Reaction dynamics of Mg(3s3p 1P1) with CH4: Elucidation of reaction pathways for the MgH product by the measurement of temperature dependence and the calculation of ab initio potential energy surfaces

Abstract

Using a pump–probe method, we have obtained the nascent bimodal rotational distribution of MgH (v″=0 and 1) products formed in the reaction of Mg(3s3p 1P1) with CH4. The low-N component of the distribution in the v″=0 state is much larger than that in the v″=1 state, whereas the high-N component in the v″=0 state is roughly equivalent to that in the v″=1 state. The MgH (v″=0) rotational distributions at three temperatures, 770, 830, and 880 K, were measured. The bimodal distribution does not change with temperature within a small experimental error.
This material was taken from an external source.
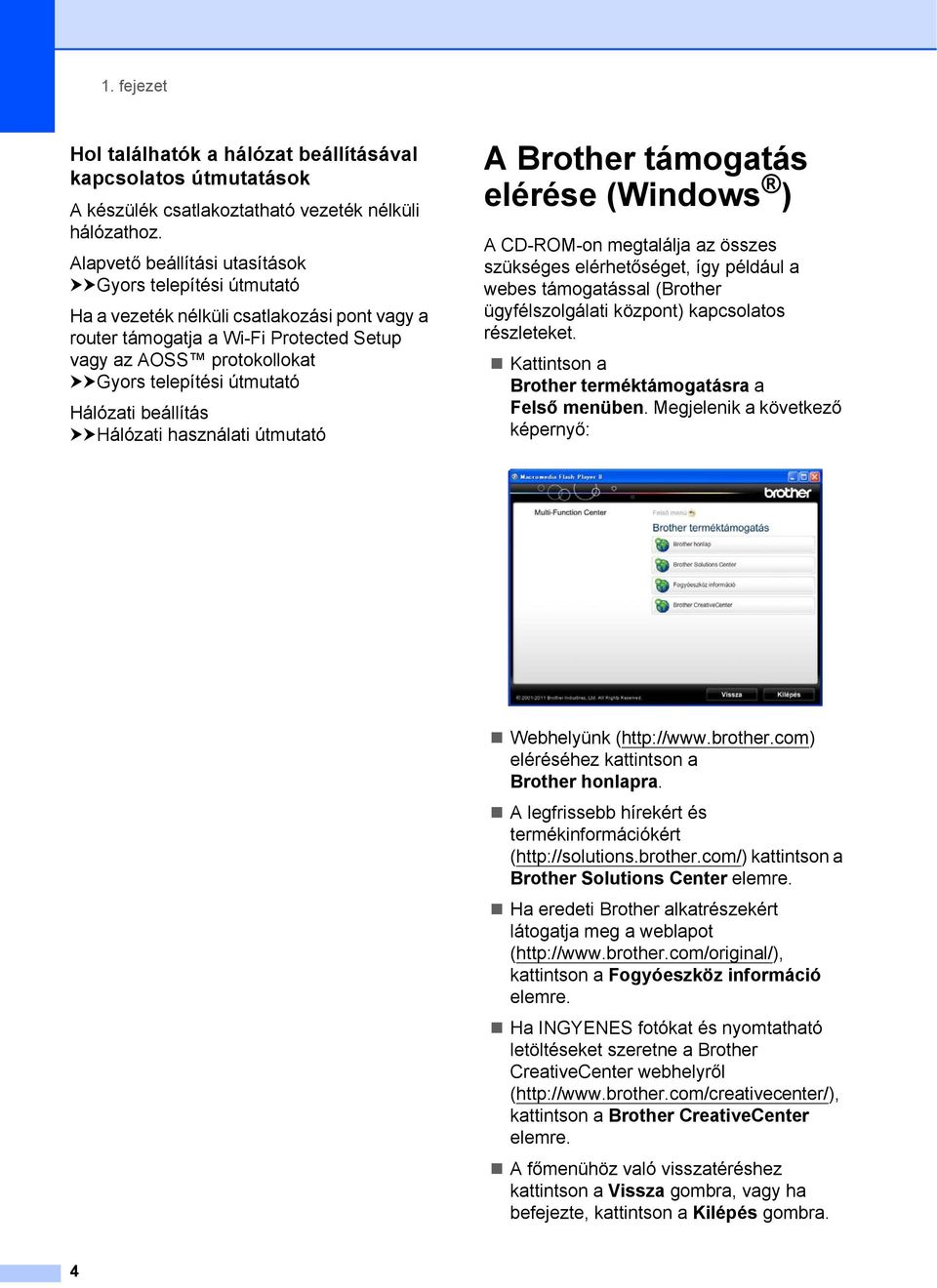 útmutató Hálózati beállítás uuhálózati használati útmutató A Brother támogatás elérése (Windows ) 1 A CD-ROM-on megtalálja az összes szükséges elérhetőséget, így például a webes támogatással (Brother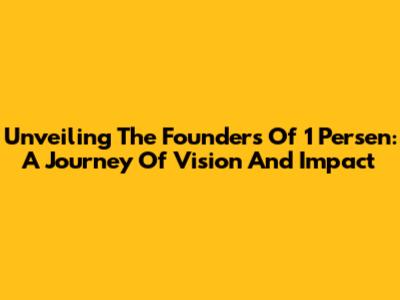 Unveiling The Founders Of 1 Persen: A Journey Of Vision And Impact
The findings suggest that the bimodal nature results from the same process, supporting a mechanism of Mg insertion into the C–H bond, irrespective of the geometry of the entrance approach. The result is consistent with that of Kleiber et al. using the far-wing scattering technique, and is supported by Chaquin et al.’s theoretical calculations. We also calculated two-dimensional potential energy surfaces for the excited and ground states of the reaction system. The calculation suggests that two possible trajectories are responsible for the production of MgH following a nonadiabatic transition. One trajectory, weakly dependent on the bending angle of H–Mg–CH3, is related to formation of the low-N component. The other trajectory evolves through a linear geometry of the intermediate complex prior to dissociation, causing a strong anisotropy in the PES. This second trajectory corresponds to the population of rotationally and vibrationally hot states. An alternative explanation of the low-N distribution is also discussed.